→ **Problem to work on**:
The task calls for the lines below from the line with "Tan Navy Soldier" to the line with "Men’s Ralph Lauren", both ends included, copied exactly, without any pictures.

→ **Exercise inputs**:
------

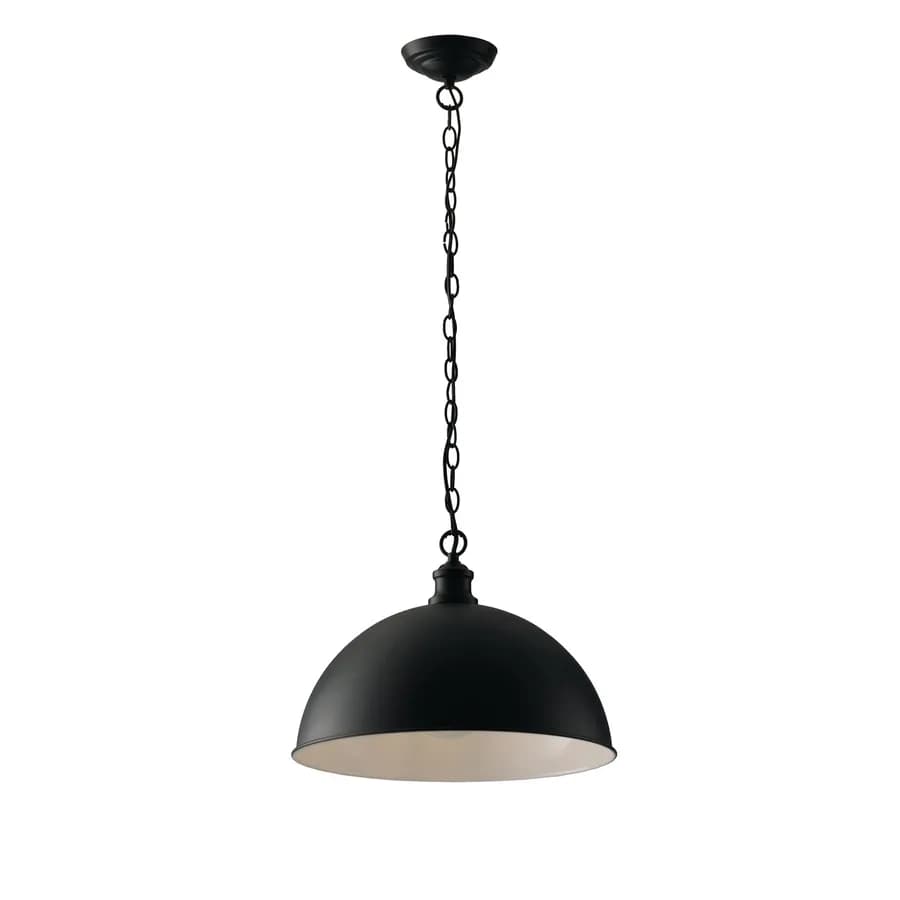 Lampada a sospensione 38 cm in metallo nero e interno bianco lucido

------

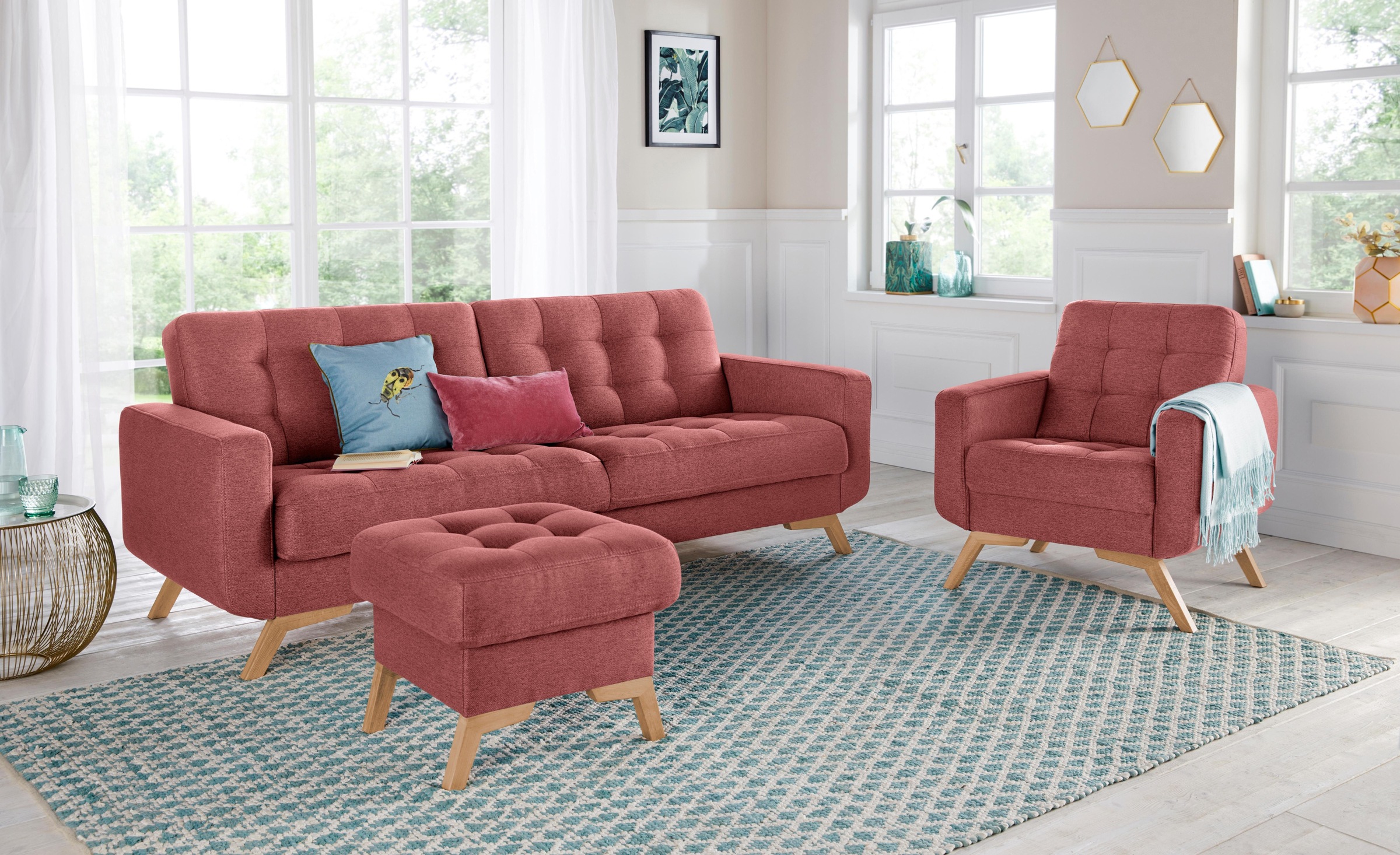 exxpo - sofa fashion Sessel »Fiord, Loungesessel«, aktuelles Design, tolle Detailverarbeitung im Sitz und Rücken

------

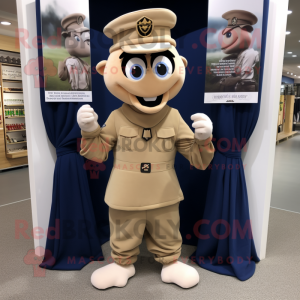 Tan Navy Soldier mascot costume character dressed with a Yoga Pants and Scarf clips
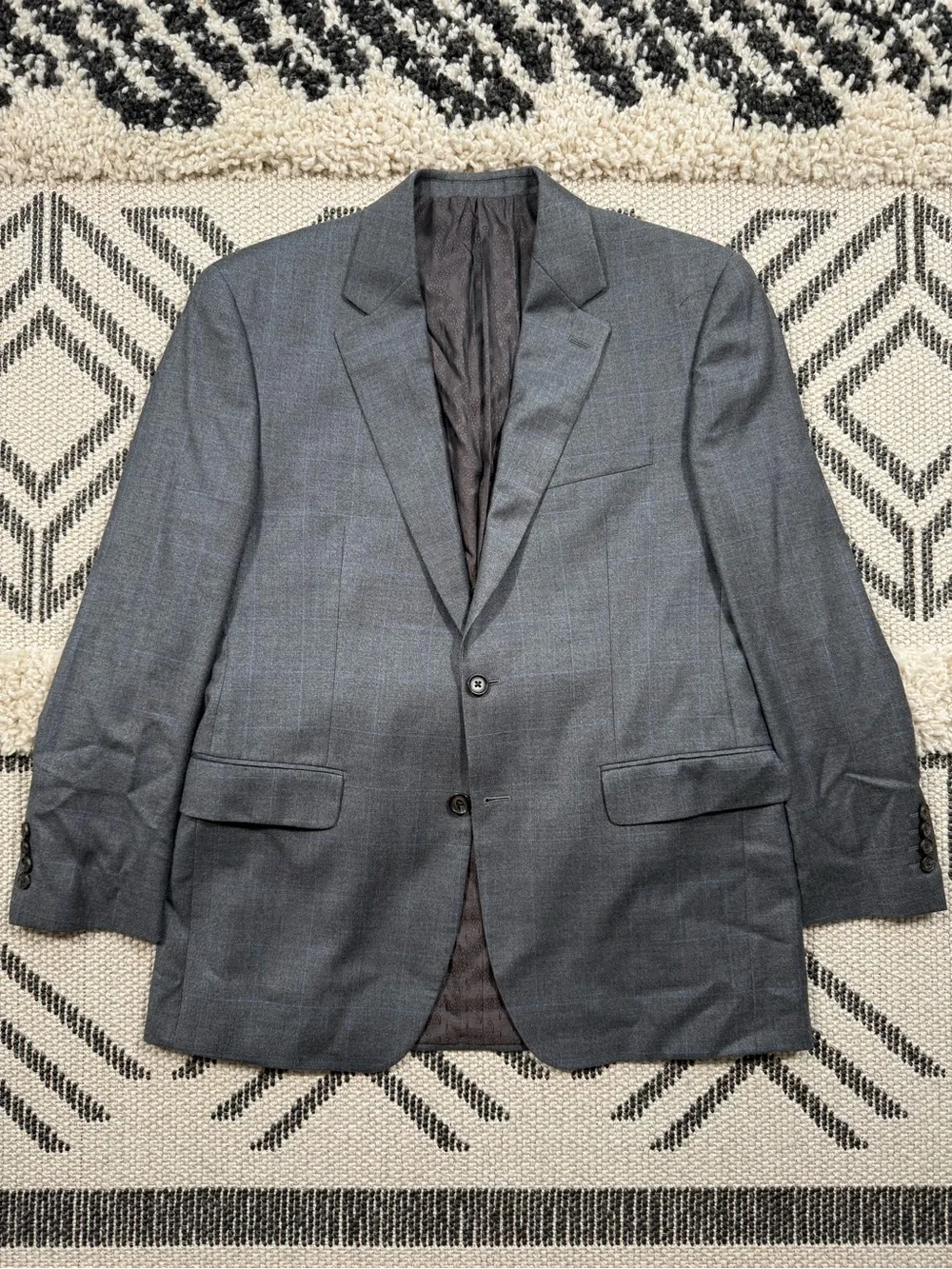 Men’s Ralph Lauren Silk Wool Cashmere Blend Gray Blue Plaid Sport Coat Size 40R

------

→ **Result for this exercise**:
 Tan Navy Soldier mascot costume character dressed with a Yoga Pants and Scarf clips
 Men’s Ralph Lauren Silk Wool Cashmere Blend Gray Blue Plaid Sport Coat Size 40R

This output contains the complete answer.